Wenn es etwas an Neuerungen gibt – neue Looks, neue Techniken, neue Möglichkeiten -, dann sind die Werber in der Regel die ersten, die es in den Fingern haben. Deshalb ist man als Kameramann, der auch Werbung macht, immer am Puls der Zeit. Die Werbesprache ist allerdings eine ganz andere als die Spielfilmsprache. Bei Werbung muss man mit jedem Bild eine Rakete zünden. Mit so einer Bildsprache käme man beim Spielfilm keine 15 Minuten weit.

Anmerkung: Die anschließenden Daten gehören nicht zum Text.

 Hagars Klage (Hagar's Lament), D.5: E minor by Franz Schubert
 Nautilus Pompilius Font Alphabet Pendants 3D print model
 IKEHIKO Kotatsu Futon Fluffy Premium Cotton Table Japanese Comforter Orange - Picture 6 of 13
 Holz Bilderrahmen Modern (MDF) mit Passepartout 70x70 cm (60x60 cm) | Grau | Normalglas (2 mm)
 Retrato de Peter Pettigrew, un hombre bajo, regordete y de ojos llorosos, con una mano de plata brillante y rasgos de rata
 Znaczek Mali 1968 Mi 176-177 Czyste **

So ist zum Beispiel der Look, das spezielle Aussehen einer Werbung für 30 Sekunden höchst interessant, würde man ihn aber auf die Länge eines Spielfilms übertragen, würde er zwischen Film und Zuschauer eine merkwürdige Wand aufbauen: Man würde es dem Zuschauer unmöglich machen, wirklich tiefere Gefühle zu erleben. Man muss als Kameramann, der beides macht, auch wirklich zwei Seelen haben. Die eine, die weiß, wie man ein Bild so effektvoll wie möglich gestaltet, die andere, die sehr subtil mit den Inhalten umgehen kann und sich ihnen auch unterordnen will. Zwar will man manchmal auch in der Werbung etwas Spielfilm-artiges haben, nicht so überästhetisiert, hochstilisiert, nicht so „clean“ erscheinen. In der Regel ist es aber so, dass Spielfilm und Werbung zwei verschiedene Paar Schuhe sind. Wenn man das bei sich selbst als Kameramann nicht klar kriegt, bekommt man Probleme.

Sie haben auch „Das Wunder von Bern“ gedreht, ein Projekt das häufig als Prototyp für High-Definition, HD, genannt wird…
Damit es ganz klar wird: Der Film „Das Wunder von Bern“ ist auf 35mm-Film gedreht und dann auf HD transportiert worden. In diesem Format wurde er bearbeitet und gegraded, einschließlich der Visual-Effects. Danach ist er aber wieder mit dem Arri-Laser auf Film ausbelichtet, analog kopiert und so in den Kinos gezeigt worden.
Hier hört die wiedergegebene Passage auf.